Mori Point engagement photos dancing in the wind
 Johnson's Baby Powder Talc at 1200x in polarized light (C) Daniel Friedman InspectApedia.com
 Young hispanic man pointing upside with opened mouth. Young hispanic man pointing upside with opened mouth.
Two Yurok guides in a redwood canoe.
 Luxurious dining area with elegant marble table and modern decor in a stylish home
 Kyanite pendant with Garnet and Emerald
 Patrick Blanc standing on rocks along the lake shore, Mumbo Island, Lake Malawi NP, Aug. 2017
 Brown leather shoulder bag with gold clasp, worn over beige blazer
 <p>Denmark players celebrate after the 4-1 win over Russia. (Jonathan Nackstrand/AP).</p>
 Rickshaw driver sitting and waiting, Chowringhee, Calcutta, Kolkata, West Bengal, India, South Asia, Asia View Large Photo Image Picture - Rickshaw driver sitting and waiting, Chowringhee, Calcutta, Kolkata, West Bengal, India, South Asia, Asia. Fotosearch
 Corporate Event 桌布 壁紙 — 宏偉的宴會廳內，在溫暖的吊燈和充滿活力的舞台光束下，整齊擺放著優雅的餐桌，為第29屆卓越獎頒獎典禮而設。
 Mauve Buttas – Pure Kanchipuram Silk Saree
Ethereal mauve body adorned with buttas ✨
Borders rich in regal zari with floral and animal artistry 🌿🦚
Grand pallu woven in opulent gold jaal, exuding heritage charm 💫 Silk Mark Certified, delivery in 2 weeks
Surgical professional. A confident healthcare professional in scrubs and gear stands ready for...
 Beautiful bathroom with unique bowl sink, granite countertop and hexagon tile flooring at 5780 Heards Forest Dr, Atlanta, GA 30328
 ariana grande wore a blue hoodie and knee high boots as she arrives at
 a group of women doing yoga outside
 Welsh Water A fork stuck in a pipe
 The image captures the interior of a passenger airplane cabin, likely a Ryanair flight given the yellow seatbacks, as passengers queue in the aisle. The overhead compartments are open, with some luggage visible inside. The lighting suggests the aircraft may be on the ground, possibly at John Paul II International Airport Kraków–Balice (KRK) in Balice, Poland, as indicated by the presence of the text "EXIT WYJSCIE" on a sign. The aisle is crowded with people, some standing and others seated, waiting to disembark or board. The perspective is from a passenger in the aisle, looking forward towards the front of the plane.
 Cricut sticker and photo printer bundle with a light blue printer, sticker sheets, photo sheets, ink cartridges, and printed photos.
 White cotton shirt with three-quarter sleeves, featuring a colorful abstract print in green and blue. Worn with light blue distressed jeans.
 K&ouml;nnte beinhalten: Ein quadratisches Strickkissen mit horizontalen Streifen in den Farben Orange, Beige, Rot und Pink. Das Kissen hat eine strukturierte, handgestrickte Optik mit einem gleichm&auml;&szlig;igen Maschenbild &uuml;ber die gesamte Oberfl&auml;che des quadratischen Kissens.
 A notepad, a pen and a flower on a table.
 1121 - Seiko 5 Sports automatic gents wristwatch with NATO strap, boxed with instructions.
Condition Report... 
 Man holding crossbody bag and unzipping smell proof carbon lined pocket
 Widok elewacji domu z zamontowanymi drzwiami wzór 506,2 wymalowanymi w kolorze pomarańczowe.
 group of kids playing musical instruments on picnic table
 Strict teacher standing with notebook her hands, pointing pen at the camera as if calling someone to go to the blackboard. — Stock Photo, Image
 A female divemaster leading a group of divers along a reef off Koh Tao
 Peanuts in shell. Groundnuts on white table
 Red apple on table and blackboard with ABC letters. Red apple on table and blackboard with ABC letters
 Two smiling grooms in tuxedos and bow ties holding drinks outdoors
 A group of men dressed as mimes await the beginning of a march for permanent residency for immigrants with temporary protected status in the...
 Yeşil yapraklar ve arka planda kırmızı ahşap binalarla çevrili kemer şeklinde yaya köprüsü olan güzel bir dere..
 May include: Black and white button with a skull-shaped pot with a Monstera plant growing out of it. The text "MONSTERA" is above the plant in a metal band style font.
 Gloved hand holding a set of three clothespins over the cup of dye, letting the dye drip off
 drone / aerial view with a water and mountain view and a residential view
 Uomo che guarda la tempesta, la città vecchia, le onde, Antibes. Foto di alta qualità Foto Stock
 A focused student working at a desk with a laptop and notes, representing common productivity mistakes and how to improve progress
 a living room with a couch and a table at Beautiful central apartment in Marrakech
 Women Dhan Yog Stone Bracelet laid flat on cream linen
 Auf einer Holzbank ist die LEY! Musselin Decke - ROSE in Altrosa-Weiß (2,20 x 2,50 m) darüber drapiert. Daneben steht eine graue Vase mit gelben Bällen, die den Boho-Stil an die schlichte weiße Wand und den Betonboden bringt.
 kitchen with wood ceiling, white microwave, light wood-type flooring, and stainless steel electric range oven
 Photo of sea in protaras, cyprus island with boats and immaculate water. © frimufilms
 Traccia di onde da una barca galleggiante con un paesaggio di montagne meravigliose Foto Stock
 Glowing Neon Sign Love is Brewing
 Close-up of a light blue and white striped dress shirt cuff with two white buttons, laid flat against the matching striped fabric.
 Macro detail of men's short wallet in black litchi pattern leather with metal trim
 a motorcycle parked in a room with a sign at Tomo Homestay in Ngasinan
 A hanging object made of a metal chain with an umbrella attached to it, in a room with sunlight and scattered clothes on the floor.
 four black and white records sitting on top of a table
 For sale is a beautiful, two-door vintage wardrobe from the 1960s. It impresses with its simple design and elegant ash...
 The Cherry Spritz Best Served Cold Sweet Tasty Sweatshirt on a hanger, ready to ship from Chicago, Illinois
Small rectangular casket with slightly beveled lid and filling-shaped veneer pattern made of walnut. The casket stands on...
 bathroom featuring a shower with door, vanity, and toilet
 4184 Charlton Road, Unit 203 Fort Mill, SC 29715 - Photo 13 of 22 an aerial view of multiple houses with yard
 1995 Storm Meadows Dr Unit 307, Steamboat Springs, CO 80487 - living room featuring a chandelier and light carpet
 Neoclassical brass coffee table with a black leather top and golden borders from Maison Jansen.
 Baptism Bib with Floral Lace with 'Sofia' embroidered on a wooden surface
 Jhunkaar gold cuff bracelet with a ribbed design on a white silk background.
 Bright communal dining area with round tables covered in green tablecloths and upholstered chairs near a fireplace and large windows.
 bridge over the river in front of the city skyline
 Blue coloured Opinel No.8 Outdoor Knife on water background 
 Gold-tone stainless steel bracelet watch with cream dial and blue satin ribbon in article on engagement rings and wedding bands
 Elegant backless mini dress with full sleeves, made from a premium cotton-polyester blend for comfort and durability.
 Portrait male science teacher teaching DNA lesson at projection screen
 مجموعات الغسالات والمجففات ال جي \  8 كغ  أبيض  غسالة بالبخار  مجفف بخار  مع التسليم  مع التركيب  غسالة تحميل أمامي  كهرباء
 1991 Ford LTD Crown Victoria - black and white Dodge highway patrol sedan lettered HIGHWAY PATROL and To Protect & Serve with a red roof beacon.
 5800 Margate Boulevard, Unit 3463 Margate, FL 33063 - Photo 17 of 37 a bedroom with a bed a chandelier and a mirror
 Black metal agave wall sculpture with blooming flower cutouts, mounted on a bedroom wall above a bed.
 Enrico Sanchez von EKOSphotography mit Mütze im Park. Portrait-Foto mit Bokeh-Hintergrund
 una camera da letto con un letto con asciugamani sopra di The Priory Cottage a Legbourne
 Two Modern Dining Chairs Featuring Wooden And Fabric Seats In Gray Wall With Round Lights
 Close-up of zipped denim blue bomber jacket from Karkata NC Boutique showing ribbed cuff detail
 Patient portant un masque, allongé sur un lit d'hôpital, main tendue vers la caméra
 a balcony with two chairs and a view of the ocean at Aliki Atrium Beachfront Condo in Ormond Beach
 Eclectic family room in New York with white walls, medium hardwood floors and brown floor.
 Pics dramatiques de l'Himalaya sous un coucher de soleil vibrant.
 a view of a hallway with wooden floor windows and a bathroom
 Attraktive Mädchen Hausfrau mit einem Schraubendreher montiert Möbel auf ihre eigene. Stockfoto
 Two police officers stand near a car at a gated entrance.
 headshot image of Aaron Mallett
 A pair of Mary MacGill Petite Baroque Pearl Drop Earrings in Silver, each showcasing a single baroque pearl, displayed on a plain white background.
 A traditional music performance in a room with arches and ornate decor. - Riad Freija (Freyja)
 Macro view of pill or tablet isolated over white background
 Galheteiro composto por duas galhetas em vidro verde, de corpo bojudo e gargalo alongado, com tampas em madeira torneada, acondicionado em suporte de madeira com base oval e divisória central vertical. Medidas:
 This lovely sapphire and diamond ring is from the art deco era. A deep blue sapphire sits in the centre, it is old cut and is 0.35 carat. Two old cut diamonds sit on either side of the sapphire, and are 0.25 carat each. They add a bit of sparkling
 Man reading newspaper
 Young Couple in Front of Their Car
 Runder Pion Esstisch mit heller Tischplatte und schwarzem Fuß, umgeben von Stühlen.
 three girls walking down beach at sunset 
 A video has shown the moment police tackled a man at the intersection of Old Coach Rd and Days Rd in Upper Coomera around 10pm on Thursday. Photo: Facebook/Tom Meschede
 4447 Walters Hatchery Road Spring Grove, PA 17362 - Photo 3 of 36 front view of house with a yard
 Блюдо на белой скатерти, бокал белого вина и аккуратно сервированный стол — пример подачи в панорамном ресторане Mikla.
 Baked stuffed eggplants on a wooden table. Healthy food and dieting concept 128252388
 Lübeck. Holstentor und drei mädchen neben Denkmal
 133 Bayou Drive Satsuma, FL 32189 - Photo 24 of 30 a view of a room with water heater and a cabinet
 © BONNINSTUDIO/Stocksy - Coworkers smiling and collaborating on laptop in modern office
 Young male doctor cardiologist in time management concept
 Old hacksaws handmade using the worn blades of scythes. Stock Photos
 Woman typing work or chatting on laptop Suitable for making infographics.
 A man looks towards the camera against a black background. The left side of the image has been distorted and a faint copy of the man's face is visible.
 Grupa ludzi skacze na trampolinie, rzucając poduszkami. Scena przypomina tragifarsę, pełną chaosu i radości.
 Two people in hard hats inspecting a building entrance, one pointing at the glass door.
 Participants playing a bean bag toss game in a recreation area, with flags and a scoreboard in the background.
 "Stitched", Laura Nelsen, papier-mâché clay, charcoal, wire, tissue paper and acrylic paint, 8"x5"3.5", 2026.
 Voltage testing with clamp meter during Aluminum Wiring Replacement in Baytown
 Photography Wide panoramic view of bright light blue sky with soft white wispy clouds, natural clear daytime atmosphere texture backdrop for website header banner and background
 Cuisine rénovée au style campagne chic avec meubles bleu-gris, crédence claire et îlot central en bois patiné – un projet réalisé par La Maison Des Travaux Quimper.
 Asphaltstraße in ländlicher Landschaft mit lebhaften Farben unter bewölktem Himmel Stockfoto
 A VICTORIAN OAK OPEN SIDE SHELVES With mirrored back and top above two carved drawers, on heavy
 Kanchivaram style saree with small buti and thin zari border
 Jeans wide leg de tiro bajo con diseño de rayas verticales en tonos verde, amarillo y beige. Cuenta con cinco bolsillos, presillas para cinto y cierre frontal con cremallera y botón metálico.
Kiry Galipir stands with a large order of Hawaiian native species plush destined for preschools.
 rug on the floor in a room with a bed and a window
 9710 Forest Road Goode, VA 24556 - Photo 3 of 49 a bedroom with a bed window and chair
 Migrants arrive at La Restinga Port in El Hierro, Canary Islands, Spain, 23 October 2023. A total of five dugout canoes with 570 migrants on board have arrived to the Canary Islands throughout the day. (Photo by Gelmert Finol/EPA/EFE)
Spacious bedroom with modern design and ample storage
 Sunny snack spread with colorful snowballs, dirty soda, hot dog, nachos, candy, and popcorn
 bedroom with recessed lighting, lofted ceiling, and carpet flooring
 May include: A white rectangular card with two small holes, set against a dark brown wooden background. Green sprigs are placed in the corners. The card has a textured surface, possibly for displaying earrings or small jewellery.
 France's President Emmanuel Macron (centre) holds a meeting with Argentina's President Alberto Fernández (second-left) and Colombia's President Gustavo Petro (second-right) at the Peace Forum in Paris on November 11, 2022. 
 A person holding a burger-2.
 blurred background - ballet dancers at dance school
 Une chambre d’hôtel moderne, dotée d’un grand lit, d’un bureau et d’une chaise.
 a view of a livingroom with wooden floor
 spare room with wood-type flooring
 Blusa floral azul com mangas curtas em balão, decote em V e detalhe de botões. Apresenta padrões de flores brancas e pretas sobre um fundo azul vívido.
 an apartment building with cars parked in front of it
---
(ACTIVITY): Return every line of the entries above that the string "yard" appears in.

(OUTPUT OF THE EXERCISE):
 4184 Charlton Road, Unit 203 Fort Mill, SC 29715 - Photo 13 of 22 an aerial view of multiple houses with yard
 4447 Walters Hatchery Road Spring Grove, PA 17362 - Photo 3 of 36 front view of house with a yard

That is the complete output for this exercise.